● **Problem**:
How does the data below read from its first line through the line containing "Personalize photo collage"? Print those lines exactly.

● **Provided information**:
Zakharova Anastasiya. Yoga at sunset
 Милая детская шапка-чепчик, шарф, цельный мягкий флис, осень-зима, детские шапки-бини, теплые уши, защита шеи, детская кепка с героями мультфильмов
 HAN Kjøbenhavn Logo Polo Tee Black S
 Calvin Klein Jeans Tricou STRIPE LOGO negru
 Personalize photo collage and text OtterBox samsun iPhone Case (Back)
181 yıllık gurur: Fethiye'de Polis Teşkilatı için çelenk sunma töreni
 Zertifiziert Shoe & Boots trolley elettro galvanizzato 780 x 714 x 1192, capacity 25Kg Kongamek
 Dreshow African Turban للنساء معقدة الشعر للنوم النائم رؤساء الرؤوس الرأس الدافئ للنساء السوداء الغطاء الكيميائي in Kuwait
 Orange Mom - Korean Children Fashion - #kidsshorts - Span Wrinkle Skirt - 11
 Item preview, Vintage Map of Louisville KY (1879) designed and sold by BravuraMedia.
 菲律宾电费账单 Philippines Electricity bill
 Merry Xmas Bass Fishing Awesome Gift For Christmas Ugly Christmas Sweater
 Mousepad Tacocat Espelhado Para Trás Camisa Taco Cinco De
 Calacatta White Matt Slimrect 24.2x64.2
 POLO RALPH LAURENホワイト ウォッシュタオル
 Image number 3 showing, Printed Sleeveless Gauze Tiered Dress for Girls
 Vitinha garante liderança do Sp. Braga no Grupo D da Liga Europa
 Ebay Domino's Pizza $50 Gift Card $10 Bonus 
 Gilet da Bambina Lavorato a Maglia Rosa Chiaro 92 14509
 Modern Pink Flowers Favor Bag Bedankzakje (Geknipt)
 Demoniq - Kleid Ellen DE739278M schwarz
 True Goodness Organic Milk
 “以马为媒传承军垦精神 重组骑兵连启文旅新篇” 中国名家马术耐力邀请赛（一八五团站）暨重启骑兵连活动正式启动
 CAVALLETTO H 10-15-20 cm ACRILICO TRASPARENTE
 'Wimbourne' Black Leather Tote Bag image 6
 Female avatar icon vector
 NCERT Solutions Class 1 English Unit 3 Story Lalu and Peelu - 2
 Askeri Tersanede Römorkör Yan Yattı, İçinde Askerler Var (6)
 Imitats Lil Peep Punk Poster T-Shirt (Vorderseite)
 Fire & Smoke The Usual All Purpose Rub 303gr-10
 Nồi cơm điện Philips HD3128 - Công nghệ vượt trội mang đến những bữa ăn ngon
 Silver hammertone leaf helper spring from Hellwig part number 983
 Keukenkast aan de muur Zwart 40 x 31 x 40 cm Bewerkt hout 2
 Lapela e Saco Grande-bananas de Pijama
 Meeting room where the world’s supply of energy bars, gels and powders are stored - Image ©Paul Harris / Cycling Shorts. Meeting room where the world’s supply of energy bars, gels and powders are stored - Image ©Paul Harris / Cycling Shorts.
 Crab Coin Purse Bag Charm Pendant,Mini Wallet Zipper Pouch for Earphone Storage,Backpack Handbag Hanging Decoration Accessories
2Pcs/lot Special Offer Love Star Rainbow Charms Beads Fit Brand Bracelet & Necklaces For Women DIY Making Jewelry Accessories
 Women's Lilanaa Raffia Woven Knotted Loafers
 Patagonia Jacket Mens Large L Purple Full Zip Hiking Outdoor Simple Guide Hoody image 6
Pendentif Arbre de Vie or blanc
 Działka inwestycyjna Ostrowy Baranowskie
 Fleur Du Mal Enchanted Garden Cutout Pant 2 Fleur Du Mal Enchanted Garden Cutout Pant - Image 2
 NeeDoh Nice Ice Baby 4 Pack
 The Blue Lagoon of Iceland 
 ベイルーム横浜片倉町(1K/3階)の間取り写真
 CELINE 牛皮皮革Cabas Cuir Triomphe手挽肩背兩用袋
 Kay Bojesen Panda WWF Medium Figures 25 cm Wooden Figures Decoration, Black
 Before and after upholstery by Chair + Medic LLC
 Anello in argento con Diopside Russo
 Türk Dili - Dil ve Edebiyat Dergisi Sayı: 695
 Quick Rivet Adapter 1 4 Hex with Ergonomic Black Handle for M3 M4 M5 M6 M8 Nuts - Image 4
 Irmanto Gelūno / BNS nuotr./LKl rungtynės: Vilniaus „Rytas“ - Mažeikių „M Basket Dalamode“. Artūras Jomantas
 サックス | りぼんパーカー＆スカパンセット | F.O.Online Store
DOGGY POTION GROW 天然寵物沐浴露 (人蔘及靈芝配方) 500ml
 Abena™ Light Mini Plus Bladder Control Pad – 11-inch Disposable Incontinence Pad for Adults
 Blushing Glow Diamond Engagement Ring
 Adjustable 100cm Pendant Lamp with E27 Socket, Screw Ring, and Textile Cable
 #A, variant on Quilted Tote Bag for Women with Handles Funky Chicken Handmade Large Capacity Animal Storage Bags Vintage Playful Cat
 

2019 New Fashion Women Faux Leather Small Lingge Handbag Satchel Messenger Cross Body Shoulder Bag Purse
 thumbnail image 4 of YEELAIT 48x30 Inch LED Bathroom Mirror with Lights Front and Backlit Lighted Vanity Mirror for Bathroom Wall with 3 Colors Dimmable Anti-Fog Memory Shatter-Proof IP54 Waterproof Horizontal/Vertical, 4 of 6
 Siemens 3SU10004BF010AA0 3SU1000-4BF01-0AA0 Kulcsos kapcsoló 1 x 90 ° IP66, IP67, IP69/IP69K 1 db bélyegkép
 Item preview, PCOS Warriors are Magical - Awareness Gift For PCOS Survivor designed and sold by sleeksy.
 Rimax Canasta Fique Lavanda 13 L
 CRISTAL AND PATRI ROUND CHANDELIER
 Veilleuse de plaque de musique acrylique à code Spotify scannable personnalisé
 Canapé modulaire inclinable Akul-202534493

● **Response below**:
Zakharova Anastasiya. Yoga at sunset
 Милая детская шапка-чепчик, шарф, цельный мягкий флис, осень-зима, детские шапки-бини, теплые уши, защита шеи, детская кепка с героями мультфильмов
 HAN Kjøbenhavn Logo Polo Tee Black S
 Calvin Klein Jeans Tricou STRIPE LOGO negru
 Personalize photo collage and text OtterBox samsun iPhone Case (Back)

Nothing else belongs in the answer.